Que significa o novo insulto viral da geração Z e que preocupações revela
“Rizz”, “Delulu”, “Locked In”, “Glow Up”, “FRFR”, “Aura Farming”…
Pode ser difícil acompanhar o mais recente calão da Geração Z. Não é novidade que cada geração desenvolve o seu próprio jargão e expressões, mas a diferença com a Geração Z e a Geração Alpha está na velocidade. O seu léxico pode passar de nicho a viral em todo o mundo em poucos dias nas redes sociais e, se não estiver a par da última expressão, arrisca-se a alcançar estatuto de “Unc” – uma abreviatura da Geração Z para ‘uncle’, usada para troçar de quem é visto como pouco cool e desligado das tendências atuais.
(Já agora, “FRFR” significa ‘For Real, For Real’.)
O termo mais recente, que tem andado a correr o TikTok e várias plataformas de redes sociais, é “polyester”.
Não se refere diretamente ao polímero sintético (ou será que sim?), mas passou a ser uma nova forma de dizer que algo é genérico, inautêntico ou até forçado.
Um momento supostamente espontâneo mas cuidadosamente encenado? Polyester.
Um pedido de desculpas público que soa falso? Polyester.
Um influenciador irritante até dizer chega, a fingir entusiasmo e sinceridade enquanto tenta impingir merchandising barato ou um produto que é obrigado a promover devido a contratos de patrocínio? Polyester. Na verdade, “Polyester Prince”.
Percebe-se a ideia. Para todos os Millennials que têm vindo a sofrer com isto, é o equivalente a chamar algo de “basic”; mas a versão da Geração Z é mais complexa do que parece.
Antes de se tornar na expressão de eleição para denunciar falsidade e mandar bocas, “polyester” descrevia um estilo de fan edit no TikTok que juntava excertos de personagens como o Homem-Aranha em cima de imagens frenéticas e cintilantes.
Depois surgiu um TikTok viral com um jovem de 18 anos a partilhar a sua visão da vida adulta de sonho.
“Quero acordar às 6 da manhã na minha penthouse em Nova Iorque, fazer estudo bíblico com os amigos antes de qualquer outra coisa, abrir uma yerba mate biológica e ir correr de manhã no Central Park... Óculos de bloqueio da luz azul postos, deep work, música house, locked in. Nem vou estar a fazer metade do trabalho porque o meu agente Claude vai estar a correr automaticamente em segundo plano enquanto eu almoço...”
A internet não demorou a rotular este vídeo, desenhado pelo algoritmo e ansioso por ser aspiracional, como “polyester” ou “Polyester lifestyle”.
Há ainda a escolha da palavra de tecido, que não é coincidência.
Ela liga-se à reação contra a fibra sintética mais produzida no planeta.

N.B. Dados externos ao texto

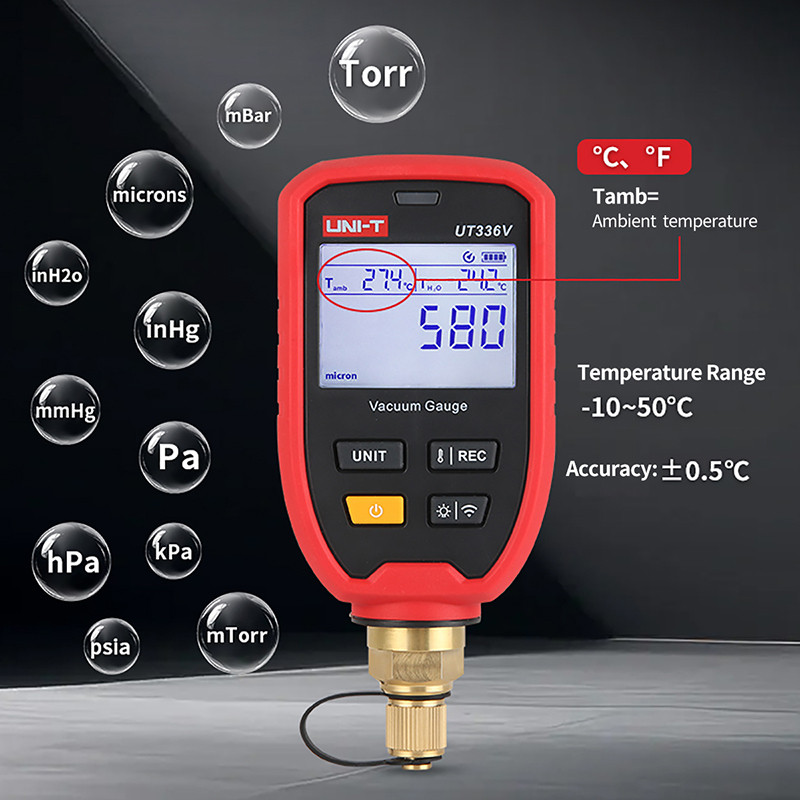 NewUNI-T เครื่องดูดสูญญากาศไร้สาย UT336V 1-19000 ไมครอนดิจิตอล Cooling สูญญากาศเมตรมือถือ APP การเชื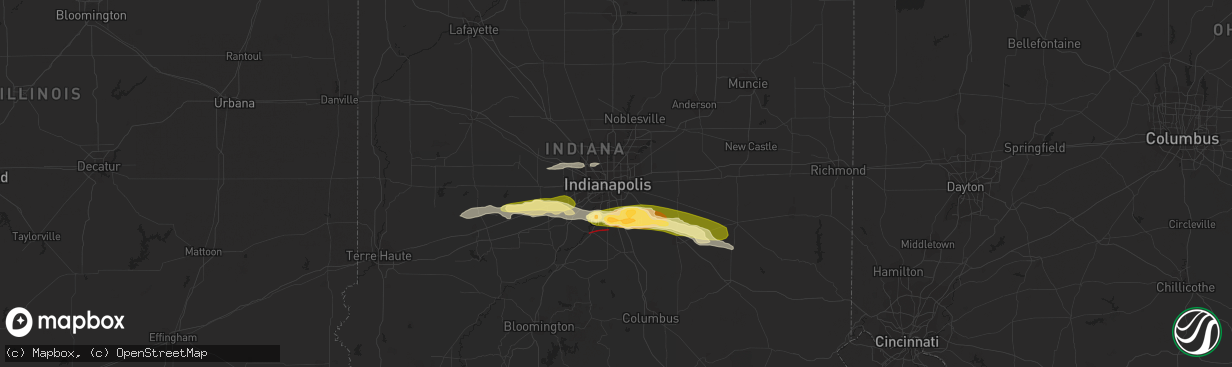 Hail map in Indianapolis, IN on June 25, 2023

As gerações mais novas não estão apenas a tentar afastar-se de marcas de moda que vendem peças que parecem ótimas online mas são desconfortáveis na vida real e não duram; também estão a reagir contra o impacto desastroso do poliéster no ambiente, já que a fibra não é biodegradável e liberta microplásticos.

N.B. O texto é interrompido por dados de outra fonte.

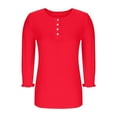 thumbnail image 6 of Sakmal Womens Blouses Fall Garnet Button Down Tops Plain 3/4 Sleeve Henley Blouses for Women, 6 of 8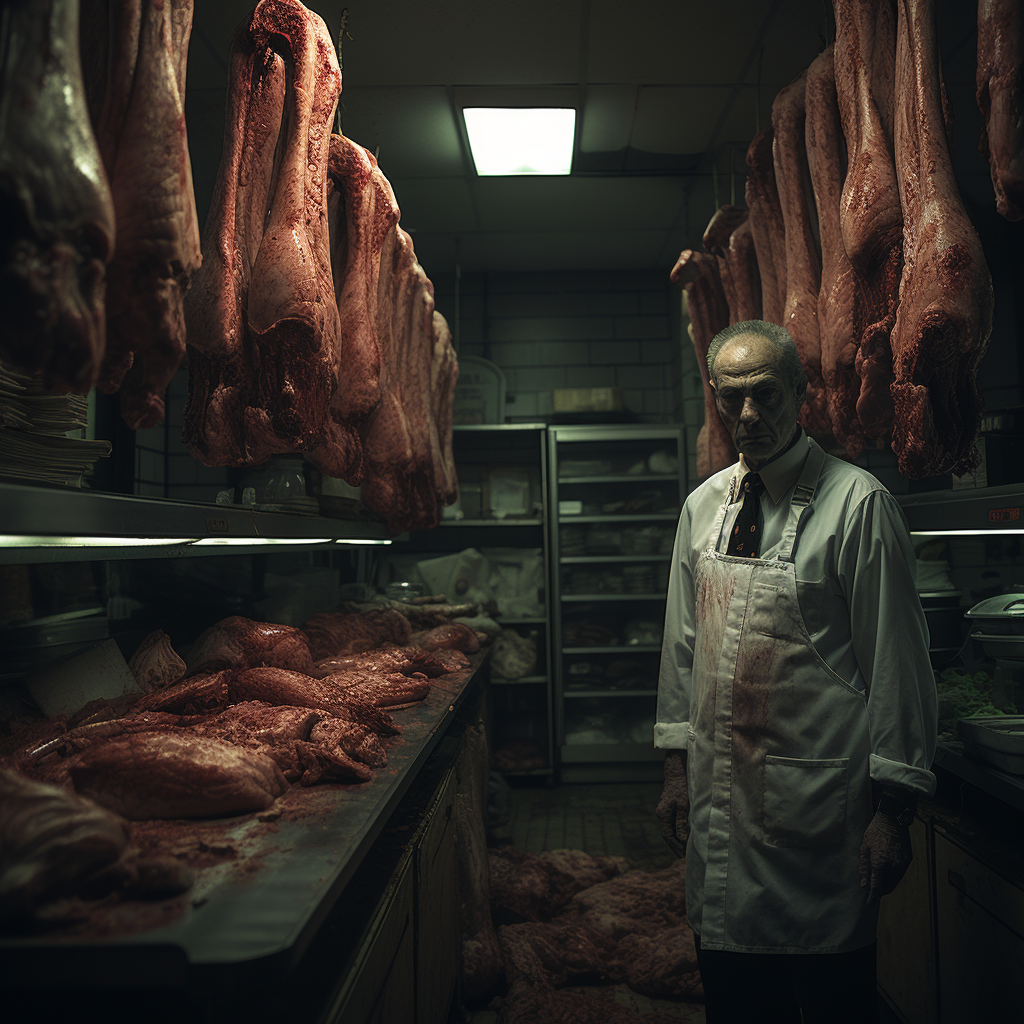 Spooky butcher standing in closed supermarket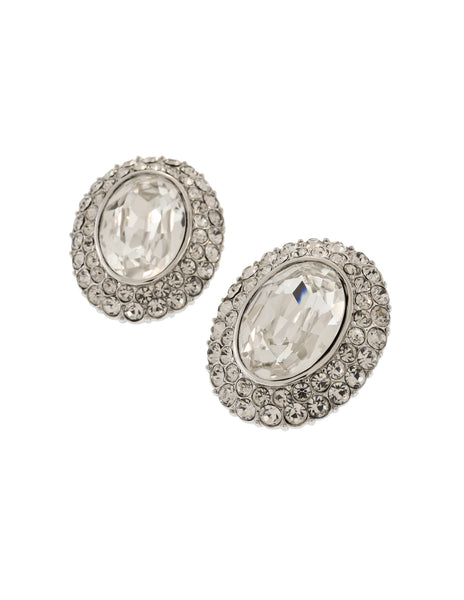 YSL Vintage Oversized Oval Clear Rhinestone Silver Statement Earrings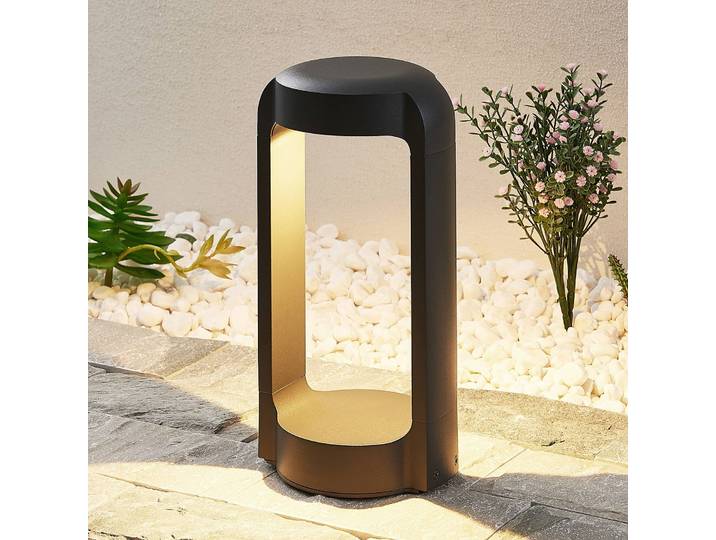 LED Sockelleuchte Habsa Lucande, schwarz, Aluminium, Modern
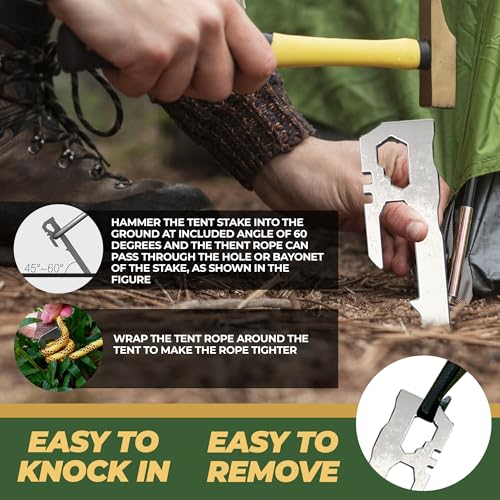 Camping Tent Stakes - Heavy Duty Tent Pegs Outdoor, Metal Tarp Spikes and Inflatable Tent Pole Pins 6 Pack
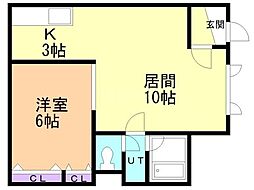 イーストヒル 1LDKの間取図画像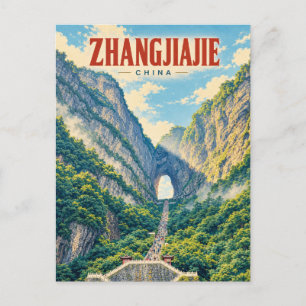 Postal Arte de viaje vintage de Zhangjiajie China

Inúmeros criadores online promovem a limpeza dos guarda-roupas de tecidos sintéticos e produzidos em massa, mostrando que não se trata apenas de uma reação contra modelos de negócio de ultra fast fashion (daí a expressão em alta “It gives Shein”), mas de um desejo crescente de ser mais consciente em relação ao ambiente.

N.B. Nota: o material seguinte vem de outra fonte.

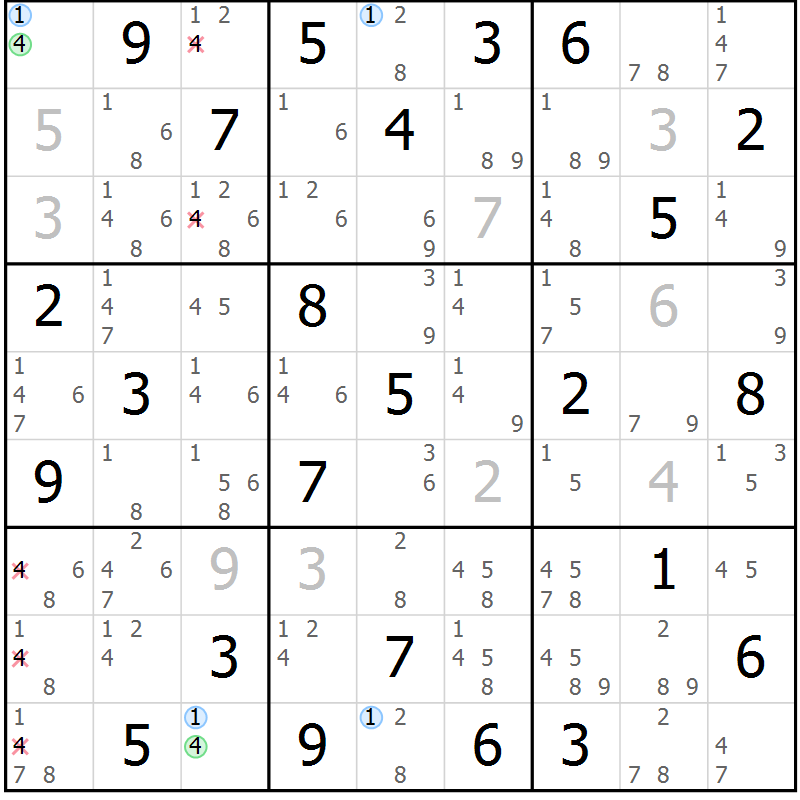 Position des candidats pour la solution de la Gr 84 page 87 du magazine de sudoku Maestro n° 085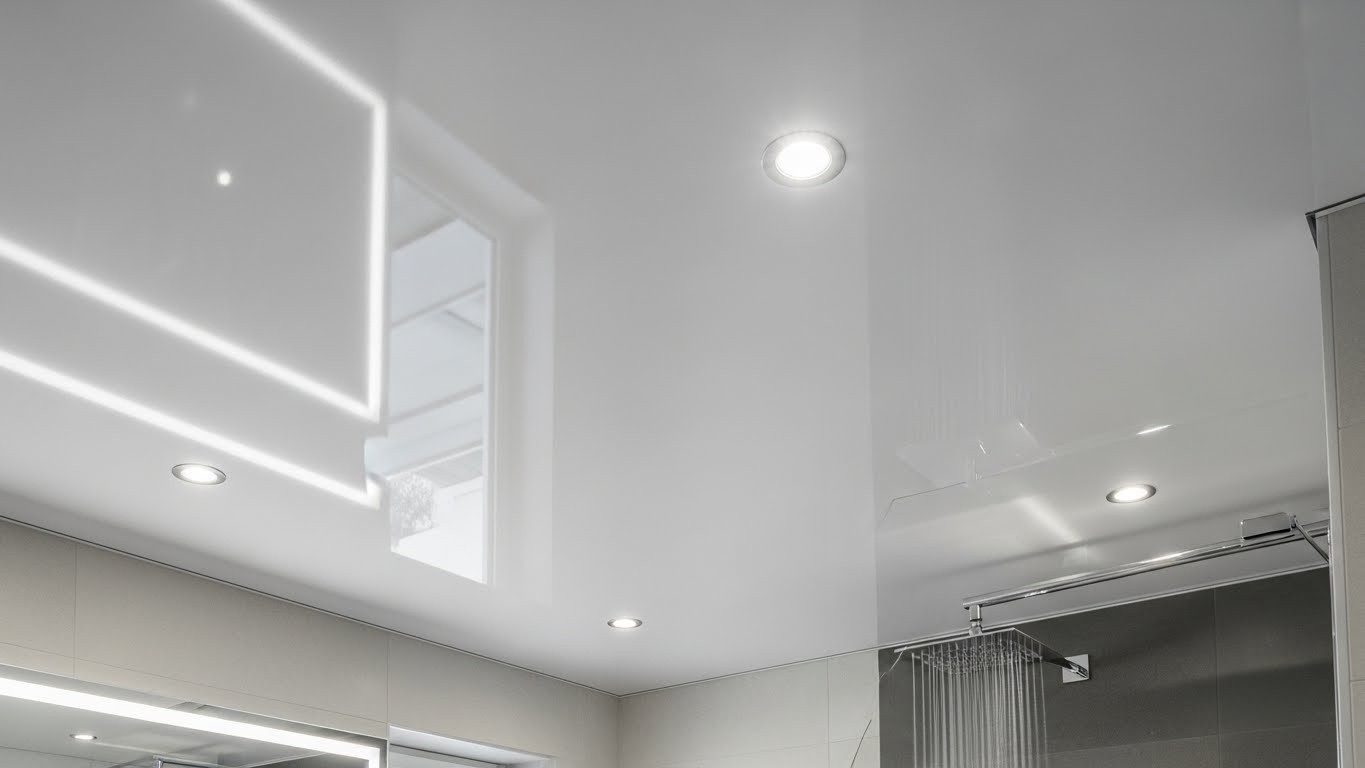 Глянцевые влагостойкие натяжные потолки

Num contexto mais amplo, a popularidade de “polyester” mostra que as gerações que cresceram online estão a despertar para a natureza pouco genuína de influenciadores, empresas e políticos que tentam enganá-las com termos abrangentes e promessas fracas.
Exagero? Nem por isso, até porque “polyester” não surgiu do nada. Segue outros termos virais como “Larping”, “Slop”, “Performative Male”, “Industry Plant” e, sim, “FRFR” – todos centrados na autenticidade e em chamar a atenção para tudo o que é falso.
Embora muitas pessoas de gerações mais velhas possam revirar os olhos perante mais uma expressão que hoje está na moda e amanhã já passou, “polyester” é mais um reflexo do saudável e crescente sentido de desconfiança da Geração Z em relação a tudo o que parece artificial. O seu desejo cada vez maior de autenticidade – sobretudo numa altura em que a IA é utilizada a tal ponto que pode tornar-se mais difícil distinguir o que é real do que não é – revela uma promissora intolerância face à falta de sinceridade que prospera nas redes sociais.
Considere-se oficialmente fora da categoria “Unc”.